8. Once counsel has appeared for a Defendant, Plaintiff need not send copies of filings to that Defendant or to that Defendant's counsel. Instead, the Clerk will file Plaintiff's document electronically and send notice of electronic filing to defense counsel. The notice of electronic filing shall constitute notice to Defendant pursuant to Local Rule 5.3. If electronic service on Defendants is not available, Plaintiff will be notified and instructed accordingly.
9. Counsel for Defendants is hereby granted leave to depose Plaintiff at Plaintiff's place of confinement. Counsel for Defendants shall arrange the time for the depositions.

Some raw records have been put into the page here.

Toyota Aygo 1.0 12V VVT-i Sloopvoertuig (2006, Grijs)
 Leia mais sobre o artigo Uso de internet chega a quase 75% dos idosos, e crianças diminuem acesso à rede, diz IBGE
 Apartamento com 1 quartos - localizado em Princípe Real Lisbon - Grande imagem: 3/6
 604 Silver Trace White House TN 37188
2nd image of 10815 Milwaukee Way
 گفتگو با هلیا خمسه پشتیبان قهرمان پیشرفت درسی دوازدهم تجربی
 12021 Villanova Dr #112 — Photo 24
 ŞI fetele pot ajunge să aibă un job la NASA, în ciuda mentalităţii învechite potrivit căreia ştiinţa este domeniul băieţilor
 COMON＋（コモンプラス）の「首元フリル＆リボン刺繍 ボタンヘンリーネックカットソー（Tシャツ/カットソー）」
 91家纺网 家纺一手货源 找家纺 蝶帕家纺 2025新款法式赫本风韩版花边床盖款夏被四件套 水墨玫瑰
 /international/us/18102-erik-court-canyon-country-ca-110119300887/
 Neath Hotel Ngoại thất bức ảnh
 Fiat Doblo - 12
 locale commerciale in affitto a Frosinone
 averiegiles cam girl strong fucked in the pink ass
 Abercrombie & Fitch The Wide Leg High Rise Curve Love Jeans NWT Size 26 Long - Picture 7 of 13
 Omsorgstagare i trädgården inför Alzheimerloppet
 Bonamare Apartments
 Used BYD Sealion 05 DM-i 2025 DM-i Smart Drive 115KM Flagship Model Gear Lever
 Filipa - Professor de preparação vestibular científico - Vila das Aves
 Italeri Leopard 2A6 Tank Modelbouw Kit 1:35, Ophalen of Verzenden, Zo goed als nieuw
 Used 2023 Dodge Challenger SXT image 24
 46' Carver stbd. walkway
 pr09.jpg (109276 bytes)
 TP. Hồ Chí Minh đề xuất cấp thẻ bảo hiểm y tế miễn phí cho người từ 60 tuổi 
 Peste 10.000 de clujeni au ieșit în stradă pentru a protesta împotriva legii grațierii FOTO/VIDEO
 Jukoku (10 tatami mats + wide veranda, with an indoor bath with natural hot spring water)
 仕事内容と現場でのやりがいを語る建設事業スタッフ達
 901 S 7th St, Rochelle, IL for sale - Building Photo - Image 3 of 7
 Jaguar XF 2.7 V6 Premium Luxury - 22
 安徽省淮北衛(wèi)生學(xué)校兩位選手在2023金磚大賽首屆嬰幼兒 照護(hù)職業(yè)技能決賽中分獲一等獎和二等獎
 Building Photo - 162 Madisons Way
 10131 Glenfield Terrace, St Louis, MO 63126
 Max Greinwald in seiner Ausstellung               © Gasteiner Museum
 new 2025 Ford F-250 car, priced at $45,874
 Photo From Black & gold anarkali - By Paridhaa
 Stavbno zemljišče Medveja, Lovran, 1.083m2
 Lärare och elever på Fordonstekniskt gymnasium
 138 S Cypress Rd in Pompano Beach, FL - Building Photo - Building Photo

10. Plaintiff shall immediately notice the Court of any change in mailing address or phone number. The Clerk is directed to set an internal court deadline 60 days from the entry of this Order for the Court to check on the status of service and enter scheduling deadlines.
IT IS FURTHER ORDERED THAT THE CLERK IS DIRECTED TO:
1) ATTEMPT SERVICE ON DEFENDANTS PURSUANT TO THE STANDARD PROCEDURES; AND, 2) SET AN INTERNAL COURT DEADLINE 60 DAYS FROM THE ENTRY OF THIS ORDER FOR THE COURT TO CHECK ON THE STATUS OF SERVICE AND ENTER SCHEDULING DEADLINES.
LASTLY, IT IS ORDERED THAT IF A DEFENDANT FAILS TO SIGN AND RETURN A WAIVER OF SERVICE TO THE CLERK WITHIN 30 DAYS AFTER THE WAIVER IS SENT, THE COURT WILL TAKE APPROPRIATE STEPS TO EFFECT FORMAL SERVICE THROUGH THE U.S. MARHSAL'S SERVICE ON THAT DEFENDANT AND WILL REQUIRE THAT DEFENDANT TO PAY THE FULL COSTS OF FORMAL SERVICE PURSUANT TO FEDERAL RULE OF CIVIL PROCEDURE 4(d)(2).